Background and release
During the concert, Summer performed a large number of her disco songs - both her hit singles, and a selection of songs from her previous album, Once Upon a Time. However, in this album, Donna also experiments with other musical styles such as jazz, in a medley she named "The My Man Medley". It consists of the George Gershwin song, "The Man I Love", together with "I Got It Bad and That Ain't Good" and the old standard "Some of These Days", neither of which she had recorded previously. She also performed a version of the ballad "The Way We Were", originally recorded by Barbra Streisand for the film of the same name, again, not previously recorded by Summer, but a big live favorite of hers. This was followed by a self-written ballad called "Mimi's Song", dedicated to her young daughter, Mimi.  Mimi was present at this concert for Summer to sing the song to, and she is heard on the recording saying goodnight to the audience. The concert ends with one of Summer's best-known songs in the United States - "Last Dance". This hit song is included on the soundtrack of the film Thank God It's Friday, in which Summer had also acted. The composer, Paul Jabara, won an Academy Award for Best Song from a motion picture, and Summer herself won her first Grammy Award for Best Female R&B Vocal Performance with this song. Some versions of "Last Dance" have the slow part removed from the middle but kept at the beginning. The full version, however, was sung at this concert.

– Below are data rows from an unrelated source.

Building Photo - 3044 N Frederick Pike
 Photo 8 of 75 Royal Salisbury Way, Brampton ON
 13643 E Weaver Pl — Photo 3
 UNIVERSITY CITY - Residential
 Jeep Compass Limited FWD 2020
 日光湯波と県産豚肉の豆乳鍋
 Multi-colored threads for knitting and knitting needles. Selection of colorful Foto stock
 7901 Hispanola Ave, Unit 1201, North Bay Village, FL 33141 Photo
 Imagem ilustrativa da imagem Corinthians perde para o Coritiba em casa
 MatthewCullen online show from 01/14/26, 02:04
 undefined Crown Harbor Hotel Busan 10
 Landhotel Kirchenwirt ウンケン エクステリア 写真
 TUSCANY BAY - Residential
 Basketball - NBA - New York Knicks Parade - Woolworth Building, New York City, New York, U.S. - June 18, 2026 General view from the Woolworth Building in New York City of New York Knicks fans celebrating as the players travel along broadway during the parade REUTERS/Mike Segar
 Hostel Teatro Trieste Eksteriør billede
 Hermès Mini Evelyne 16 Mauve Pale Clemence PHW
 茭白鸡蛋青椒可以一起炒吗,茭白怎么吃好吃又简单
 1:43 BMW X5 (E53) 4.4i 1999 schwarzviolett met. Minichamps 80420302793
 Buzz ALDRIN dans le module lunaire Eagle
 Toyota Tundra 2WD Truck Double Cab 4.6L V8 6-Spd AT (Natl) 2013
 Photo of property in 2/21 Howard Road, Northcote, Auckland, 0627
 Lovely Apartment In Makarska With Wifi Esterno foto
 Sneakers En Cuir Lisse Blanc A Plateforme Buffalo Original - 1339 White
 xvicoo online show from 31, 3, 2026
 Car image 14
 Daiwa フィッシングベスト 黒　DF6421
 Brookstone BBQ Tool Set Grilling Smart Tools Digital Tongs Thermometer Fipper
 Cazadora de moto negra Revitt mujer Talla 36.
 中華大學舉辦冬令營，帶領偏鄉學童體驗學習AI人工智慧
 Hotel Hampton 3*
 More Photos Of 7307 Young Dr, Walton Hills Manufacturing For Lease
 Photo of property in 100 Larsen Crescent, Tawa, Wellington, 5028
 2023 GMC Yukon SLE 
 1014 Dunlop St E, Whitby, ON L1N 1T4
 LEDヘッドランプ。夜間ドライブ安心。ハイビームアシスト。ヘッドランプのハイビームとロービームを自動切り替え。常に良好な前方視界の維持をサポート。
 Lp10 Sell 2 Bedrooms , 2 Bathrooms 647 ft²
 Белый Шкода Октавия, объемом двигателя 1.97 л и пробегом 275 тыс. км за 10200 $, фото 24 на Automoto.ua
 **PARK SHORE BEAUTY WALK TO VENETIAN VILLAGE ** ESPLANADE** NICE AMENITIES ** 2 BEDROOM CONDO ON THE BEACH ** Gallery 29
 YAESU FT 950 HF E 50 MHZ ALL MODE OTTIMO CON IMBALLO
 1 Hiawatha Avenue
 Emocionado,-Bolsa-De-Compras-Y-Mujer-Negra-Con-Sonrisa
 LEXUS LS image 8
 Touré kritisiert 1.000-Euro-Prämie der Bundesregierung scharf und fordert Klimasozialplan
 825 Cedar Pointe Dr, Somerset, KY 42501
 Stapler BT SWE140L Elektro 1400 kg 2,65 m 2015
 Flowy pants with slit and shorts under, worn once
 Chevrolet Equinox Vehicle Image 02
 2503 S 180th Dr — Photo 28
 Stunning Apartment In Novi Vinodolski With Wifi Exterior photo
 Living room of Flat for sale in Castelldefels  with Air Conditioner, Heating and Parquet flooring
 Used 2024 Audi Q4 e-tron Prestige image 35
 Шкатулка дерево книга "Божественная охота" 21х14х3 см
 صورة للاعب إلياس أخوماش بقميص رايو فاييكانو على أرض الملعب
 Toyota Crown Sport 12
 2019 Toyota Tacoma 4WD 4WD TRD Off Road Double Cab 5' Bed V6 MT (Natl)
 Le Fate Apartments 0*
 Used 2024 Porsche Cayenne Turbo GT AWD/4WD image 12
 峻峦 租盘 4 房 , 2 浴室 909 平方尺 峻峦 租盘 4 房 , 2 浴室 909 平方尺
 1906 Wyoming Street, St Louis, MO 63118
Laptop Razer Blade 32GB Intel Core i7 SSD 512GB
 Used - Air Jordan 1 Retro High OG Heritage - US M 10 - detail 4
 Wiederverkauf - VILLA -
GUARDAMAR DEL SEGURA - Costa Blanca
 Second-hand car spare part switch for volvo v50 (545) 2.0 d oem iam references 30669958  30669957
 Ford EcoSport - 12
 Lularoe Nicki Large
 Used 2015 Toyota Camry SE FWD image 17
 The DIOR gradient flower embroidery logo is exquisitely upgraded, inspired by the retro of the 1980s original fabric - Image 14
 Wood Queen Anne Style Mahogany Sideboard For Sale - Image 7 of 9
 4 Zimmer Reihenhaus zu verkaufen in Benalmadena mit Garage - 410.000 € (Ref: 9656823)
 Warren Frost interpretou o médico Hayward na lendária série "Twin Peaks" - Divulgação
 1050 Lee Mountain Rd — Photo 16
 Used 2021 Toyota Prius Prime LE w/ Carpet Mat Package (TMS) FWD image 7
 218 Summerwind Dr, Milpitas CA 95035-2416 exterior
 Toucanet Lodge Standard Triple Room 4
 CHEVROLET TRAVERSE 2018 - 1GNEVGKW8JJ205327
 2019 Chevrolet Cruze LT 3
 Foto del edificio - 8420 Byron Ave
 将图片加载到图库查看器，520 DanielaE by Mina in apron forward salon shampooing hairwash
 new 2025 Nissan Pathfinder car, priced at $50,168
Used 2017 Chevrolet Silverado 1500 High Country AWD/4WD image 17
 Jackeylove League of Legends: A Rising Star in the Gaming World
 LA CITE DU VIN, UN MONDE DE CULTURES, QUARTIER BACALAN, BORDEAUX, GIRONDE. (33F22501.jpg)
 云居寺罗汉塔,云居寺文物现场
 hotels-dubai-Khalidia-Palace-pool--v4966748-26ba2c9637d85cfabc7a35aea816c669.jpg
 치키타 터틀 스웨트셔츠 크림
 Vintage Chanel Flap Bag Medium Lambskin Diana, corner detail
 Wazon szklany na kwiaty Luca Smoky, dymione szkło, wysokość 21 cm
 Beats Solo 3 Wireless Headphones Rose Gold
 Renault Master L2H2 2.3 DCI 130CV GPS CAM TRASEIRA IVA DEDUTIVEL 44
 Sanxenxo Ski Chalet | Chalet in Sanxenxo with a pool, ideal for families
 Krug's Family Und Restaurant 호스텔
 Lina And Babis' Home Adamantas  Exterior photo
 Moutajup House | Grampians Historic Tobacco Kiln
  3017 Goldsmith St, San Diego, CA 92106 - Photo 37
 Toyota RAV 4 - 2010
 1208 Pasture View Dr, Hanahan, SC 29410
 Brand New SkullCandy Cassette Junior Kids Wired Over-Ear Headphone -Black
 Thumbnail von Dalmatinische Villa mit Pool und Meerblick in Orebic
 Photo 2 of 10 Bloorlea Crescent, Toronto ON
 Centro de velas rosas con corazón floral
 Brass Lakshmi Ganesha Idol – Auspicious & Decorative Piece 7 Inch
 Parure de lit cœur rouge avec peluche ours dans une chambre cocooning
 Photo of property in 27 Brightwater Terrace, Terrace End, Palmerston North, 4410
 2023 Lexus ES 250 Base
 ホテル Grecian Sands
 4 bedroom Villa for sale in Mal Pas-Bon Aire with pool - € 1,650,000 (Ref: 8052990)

The fourth and final side of this double LP album contains a new studio recording entitled "MacArthur Park Suite", which is a medley of four songs including the main song "MacArthur Park", originally recorded as a ballad by the Irish actor Richard Harris. Summer's disco version was edited and issued as a single, and it became one of her biggest hits - her first number one song on the American Billboard Hot 100 singles chart, and a Top five song in the United Kingdom.
This song also earned Summer a Grammy Award nomination for Best Female Pop Vocal Performance. Another song in the medley, "Heaven Knows" was an American Top five hit, and it featured vocals by Joe Esposito of the Brooklyn Dreams musical group. That group included the musician Bruce Sudano, whom Summer would later marry.

Critical and commercial reception

The album received mixed to favorable reviews from music critics. Stephen Cook from AllMusic website gave the album three out of five stars and wrote that none of the album's songs "eclipse the original versions" but concluded that it is a "very enjoyable concert recording". Robert Christgau gave the album a "C" and criticized the arrangements and the song "Mac Arthur Park Suite," to which he preferred Andy Kaufman's interpretation. Tom Carson from Rolling Stone magazine gave the album a favorable review and wrote that even though "the hits are exiled to side three, they come across fairly well".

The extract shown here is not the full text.